Except for the pictures, reproduce the records word for word.

>>

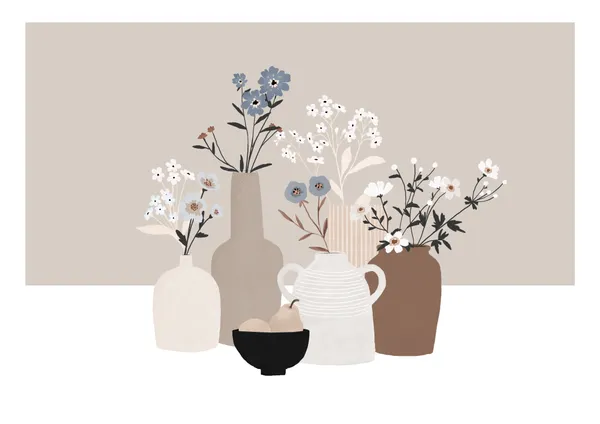Pottery and Flowers - Creme - Michal Marko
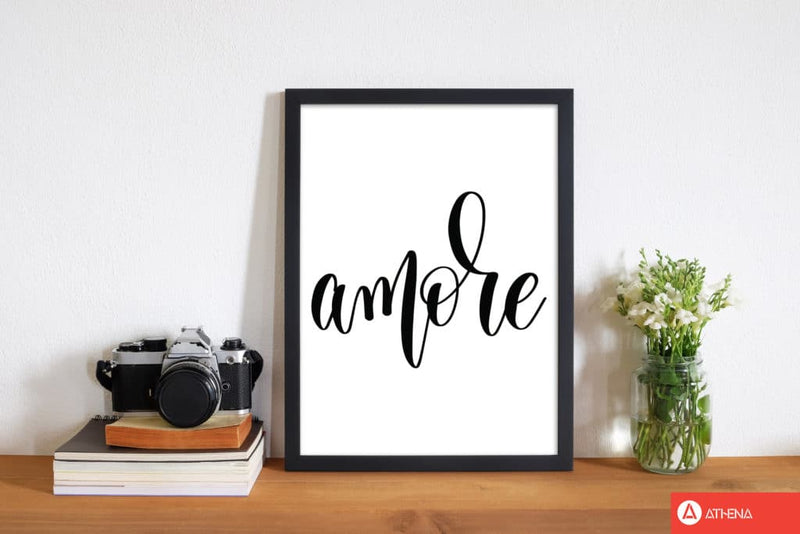 Amore modern fine art print, framed typography wall art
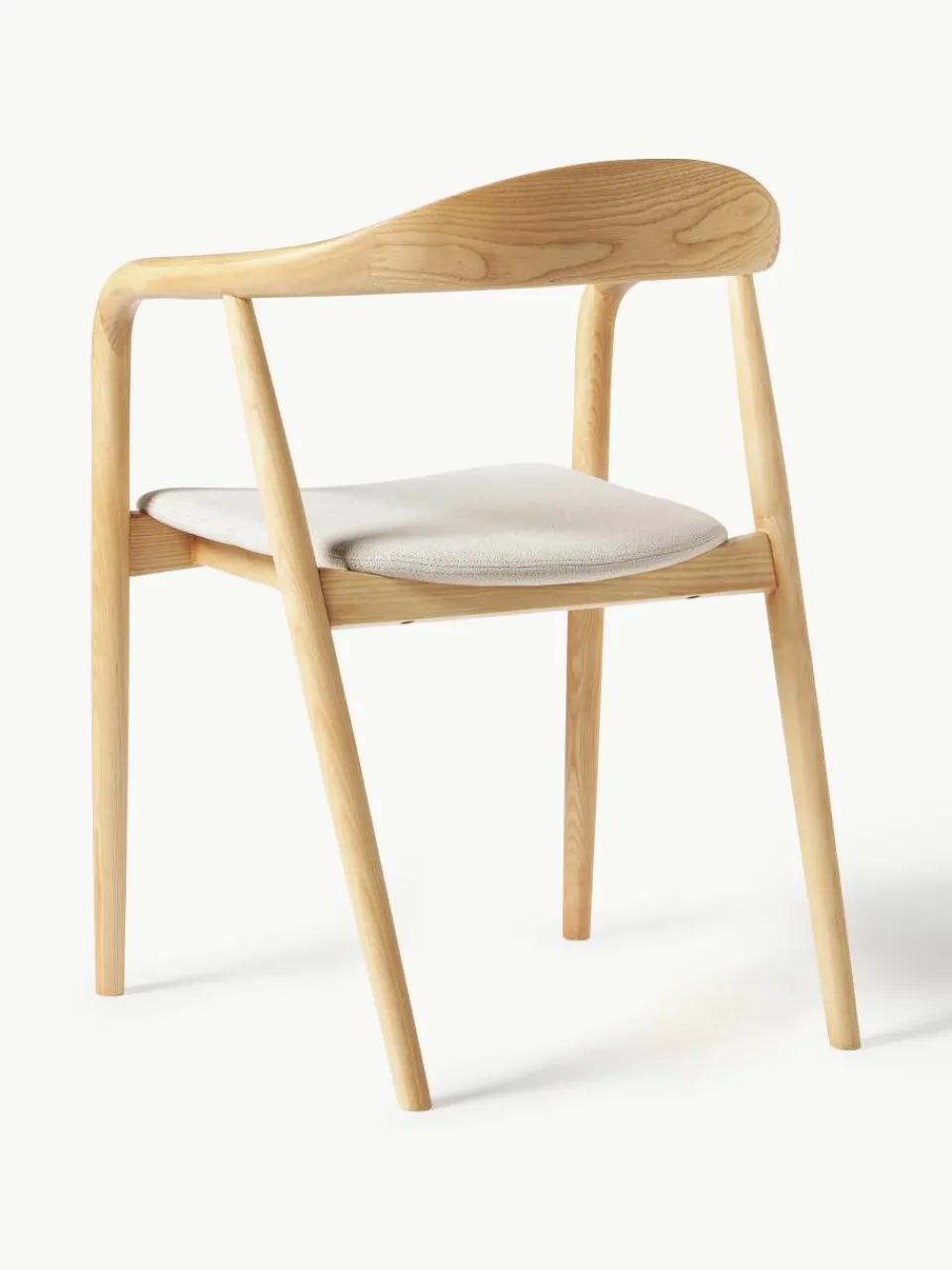 Houten armstoel Angelina met zitkussen^Westwing Collection Fashion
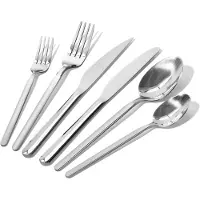 Deleca Amor Besteckset 72-teilig für 12 Personen, Edelstahl 18/10 Silber, Essbesteck mit Messer Gabel Löffel und Steakmesser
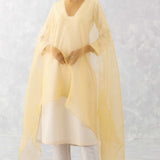Ivory Mango Pin tucks Embroidered Kurta Set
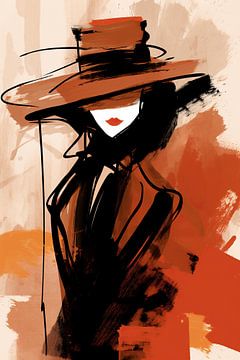 Dame mit Hut | Modernes Porträt von ARTEO Gemälde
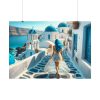 Woman With Blue Hair in Greece Poster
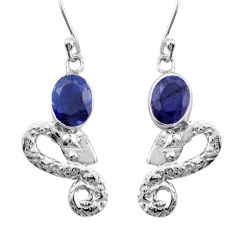925 sterling silver 4.02cts natural blue sapphire snake earrings jewelry y32163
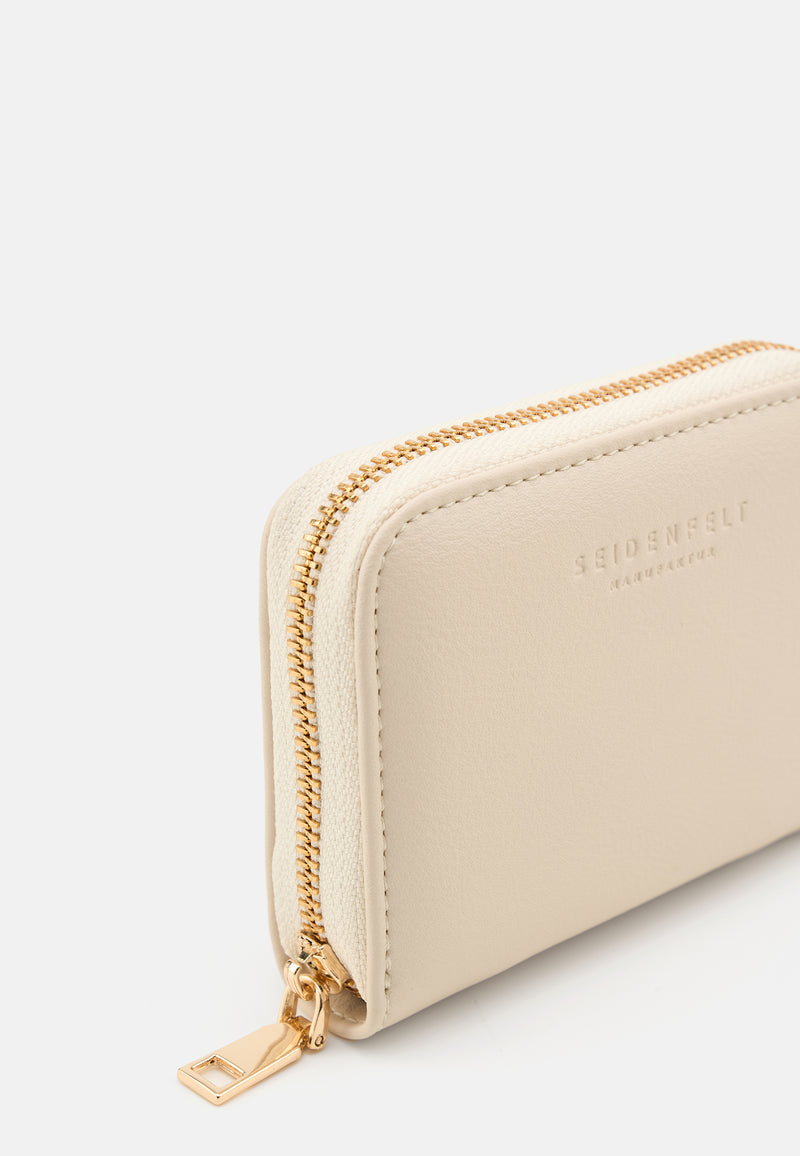 Seidenfelt Ylva – Kompakte Brieftasche in Cream mit goldenem Reißverschluss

<<

» Solution for this task
Pottery and Flowers - Creme - Michal Marko
 Amore modern fine art print, framed typography wall art
 Houten armstoel Angelina met zitkussen^Westwing Collection Fashion
 Deleca Amor Besteckset 72-teilig für 12 Personen, Edelstahl 18/10 Silber, Essbesteck mit Messer Gabel Löffel und Steakmesser
Ivory Mango Pin tucks Embroidered Kurta Set
 Dame mit Hut | Modernes Porträt von ARTEO Gemälde
 Woman With Blue Hair in Greece Poster
925 sterling silver 4.02cts natural blue sapphire snake earrings jewelry y32163
 Seidenfelt Ylva – Kompakte Brieftasche in Cream mit goldenem Reißverschluss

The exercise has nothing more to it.